The Plough Lane site has been officially designated for sporting intensification. That means under planning law it cannot be re-developed into a mega supermarket or housing estate. Merton planners are obliged to allow use of the site for sporting purposes rather than purely commercial.
But the term sporting intensification does NOT mean AFCW has a God-given right to move in there either. Wimbledon Stadium currently hosts regular greyhound meets and banger racing. It used to also be a top venue for speedway. What’s that if not sporting?
Here’s where we are now: our local ‘community club’ has entered a commercial agreement with housing developers Galliard Homes. It is backing the construction of a rash of 10-storey apartment blocks and a retail unit on a vast tranche of the Plough Lane site, relying on this over-sized housing development (and the associated community detriments it would bring) to pay for its longed-for new stadium.
It’s a football stadium that offers no training space for local youngsters and no community facilities. It will generate considerable traffic and transport problems. The only chance of locals getting any use out of the stadium? The passive act of attending a football match.
Not exactly sporting intensification, is it? Oh, and it’s not just us saying this: Sport England agrees. Lack of sporting provision and recreation facilities for residents is the main reason why this organisation has lodged a formal objection to the AFCW planning application.
So imagine the current planning application is rejected. Will the site lie empty and rundown, as AFCW scaremongers warn? Of course it won’t. A rival bid has already been mooted to replace the current greyhound stadium with a modern facility should the AFCW/Galliard Homes bid fail.
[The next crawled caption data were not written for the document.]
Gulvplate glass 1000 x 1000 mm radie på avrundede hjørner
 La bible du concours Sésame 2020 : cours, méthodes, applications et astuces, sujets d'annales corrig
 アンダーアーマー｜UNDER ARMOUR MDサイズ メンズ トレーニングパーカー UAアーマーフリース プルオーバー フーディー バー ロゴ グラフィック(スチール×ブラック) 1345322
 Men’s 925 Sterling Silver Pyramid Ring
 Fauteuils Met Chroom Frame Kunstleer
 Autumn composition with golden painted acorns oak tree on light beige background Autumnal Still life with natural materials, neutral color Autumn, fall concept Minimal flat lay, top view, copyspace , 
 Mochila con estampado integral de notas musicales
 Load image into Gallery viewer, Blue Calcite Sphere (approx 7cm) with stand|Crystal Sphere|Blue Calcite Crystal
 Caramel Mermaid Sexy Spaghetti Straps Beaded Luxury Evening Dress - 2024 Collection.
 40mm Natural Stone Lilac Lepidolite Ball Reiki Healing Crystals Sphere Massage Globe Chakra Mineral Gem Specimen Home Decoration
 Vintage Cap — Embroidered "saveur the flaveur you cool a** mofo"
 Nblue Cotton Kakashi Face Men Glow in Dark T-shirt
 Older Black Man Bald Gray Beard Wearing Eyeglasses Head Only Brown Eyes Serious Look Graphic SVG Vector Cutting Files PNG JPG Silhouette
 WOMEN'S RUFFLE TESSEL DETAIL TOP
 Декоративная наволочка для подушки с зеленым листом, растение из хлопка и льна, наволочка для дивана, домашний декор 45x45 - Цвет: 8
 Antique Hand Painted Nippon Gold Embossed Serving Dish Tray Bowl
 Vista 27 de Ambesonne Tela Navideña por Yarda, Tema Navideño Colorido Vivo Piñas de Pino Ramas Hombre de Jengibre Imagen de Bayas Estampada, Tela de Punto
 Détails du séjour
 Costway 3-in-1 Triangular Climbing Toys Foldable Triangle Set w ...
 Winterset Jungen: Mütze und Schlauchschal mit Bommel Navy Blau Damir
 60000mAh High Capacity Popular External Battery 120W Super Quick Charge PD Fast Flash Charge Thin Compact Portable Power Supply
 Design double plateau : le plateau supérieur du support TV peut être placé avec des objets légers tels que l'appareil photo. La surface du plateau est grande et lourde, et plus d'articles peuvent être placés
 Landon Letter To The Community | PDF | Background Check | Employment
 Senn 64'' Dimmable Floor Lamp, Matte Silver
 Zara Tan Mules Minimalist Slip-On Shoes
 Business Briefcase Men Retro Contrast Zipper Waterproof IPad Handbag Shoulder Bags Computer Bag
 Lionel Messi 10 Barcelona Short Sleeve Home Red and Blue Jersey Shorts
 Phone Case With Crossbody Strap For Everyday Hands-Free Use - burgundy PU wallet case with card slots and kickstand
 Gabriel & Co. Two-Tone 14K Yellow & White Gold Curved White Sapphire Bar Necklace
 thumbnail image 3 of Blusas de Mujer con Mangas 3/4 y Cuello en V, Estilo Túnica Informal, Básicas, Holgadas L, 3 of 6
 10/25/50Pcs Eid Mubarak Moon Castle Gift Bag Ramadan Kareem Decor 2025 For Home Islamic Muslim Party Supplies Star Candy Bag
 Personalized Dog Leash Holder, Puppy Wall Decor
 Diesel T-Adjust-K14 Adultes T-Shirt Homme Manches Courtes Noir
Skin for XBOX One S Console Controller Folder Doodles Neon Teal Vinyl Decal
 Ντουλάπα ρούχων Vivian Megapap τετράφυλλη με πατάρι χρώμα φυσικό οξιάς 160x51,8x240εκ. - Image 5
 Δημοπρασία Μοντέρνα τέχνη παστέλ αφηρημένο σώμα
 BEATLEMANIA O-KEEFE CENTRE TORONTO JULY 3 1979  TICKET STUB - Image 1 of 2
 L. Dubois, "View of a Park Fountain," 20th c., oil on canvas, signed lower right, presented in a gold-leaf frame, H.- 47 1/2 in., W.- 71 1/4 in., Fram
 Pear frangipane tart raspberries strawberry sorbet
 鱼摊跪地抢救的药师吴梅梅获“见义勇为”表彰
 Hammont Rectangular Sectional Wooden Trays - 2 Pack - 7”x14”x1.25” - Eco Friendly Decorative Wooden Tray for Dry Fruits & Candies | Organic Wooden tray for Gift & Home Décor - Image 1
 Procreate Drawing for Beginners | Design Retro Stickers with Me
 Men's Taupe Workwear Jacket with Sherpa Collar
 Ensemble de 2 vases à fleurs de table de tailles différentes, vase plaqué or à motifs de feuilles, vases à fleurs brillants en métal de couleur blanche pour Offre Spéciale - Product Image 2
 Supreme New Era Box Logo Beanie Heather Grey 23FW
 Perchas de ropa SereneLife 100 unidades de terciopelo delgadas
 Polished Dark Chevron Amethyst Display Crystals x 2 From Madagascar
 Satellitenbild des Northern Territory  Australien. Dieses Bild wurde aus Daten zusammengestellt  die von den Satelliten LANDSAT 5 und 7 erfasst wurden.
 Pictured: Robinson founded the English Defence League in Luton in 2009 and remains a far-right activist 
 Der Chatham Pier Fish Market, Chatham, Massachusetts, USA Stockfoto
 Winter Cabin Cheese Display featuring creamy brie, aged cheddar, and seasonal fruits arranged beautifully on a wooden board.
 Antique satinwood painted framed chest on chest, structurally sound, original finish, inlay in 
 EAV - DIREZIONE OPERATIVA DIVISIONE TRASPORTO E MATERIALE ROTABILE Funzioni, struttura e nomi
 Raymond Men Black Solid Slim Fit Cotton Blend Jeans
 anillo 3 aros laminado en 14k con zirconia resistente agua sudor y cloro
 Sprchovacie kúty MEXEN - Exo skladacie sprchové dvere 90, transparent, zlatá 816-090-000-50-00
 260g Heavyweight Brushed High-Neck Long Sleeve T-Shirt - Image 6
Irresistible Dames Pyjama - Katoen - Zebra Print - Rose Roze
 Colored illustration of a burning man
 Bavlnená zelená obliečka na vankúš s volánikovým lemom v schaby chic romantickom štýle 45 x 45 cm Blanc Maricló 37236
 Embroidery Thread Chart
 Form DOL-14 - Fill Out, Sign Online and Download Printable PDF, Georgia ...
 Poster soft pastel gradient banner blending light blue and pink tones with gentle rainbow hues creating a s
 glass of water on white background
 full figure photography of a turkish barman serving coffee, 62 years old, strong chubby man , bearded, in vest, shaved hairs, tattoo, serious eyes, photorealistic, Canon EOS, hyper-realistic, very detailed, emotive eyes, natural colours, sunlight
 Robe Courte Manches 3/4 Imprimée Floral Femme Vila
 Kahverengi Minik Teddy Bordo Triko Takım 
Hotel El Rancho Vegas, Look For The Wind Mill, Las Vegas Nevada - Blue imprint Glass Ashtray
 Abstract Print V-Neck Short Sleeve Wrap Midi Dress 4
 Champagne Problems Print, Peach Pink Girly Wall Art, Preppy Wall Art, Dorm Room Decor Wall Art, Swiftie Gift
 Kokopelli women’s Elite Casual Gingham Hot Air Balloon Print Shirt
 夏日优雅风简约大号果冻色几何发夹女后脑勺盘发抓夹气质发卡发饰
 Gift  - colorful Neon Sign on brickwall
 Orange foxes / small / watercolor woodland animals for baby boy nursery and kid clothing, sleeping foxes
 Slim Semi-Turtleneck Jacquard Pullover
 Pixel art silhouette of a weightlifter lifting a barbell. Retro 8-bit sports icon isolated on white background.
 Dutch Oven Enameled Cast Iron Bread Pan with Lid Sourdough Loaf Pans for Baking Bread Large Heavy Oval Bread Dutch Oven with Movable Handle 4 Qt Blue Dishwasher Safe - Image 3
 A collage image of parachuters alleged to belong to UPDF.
And if that plan falls through too, why wouldn’t another sporting bid be put on the table? Gym, velodrome, indoor ski or trampolining centre? Basketball courts? Go-karting? BMX, netball or hockey facilities? Come on Merton, have a bit of imagination and open up the site to bids from other sporting organisations! Ones that can afford to pay their way on the site, so a smaller housing development would be feasible.
Yes, it’s highly probable that Galliard Homes would find another partner to work with – one requiring less in the way of financial support (let’s face it, fan-owned AFC Wimbledon isn’t exactly awash with funds). If the housing partner no longer has to fund the vanity project of a new stadium for AFCW, the residential element of the scheme could be reduced while profit levels are maintained, making the whole proposal more acceptable on planning grounds.
A commercial sporting partner that can pay its own way could make life a whole lot easier for Galliards, particularly now they are aware that the current plan has not received the overwhelming support that they had perhaps been promised by certain local councillors pre-application.
Of one thing we are certain: this is a scenario that will certainly have occurred to developer professionals Galliard Homes. The question is: at what point do they reach the conclusion that getting into bed with a fourth-tier local football team is simply not going to deliver them the profit levels they need?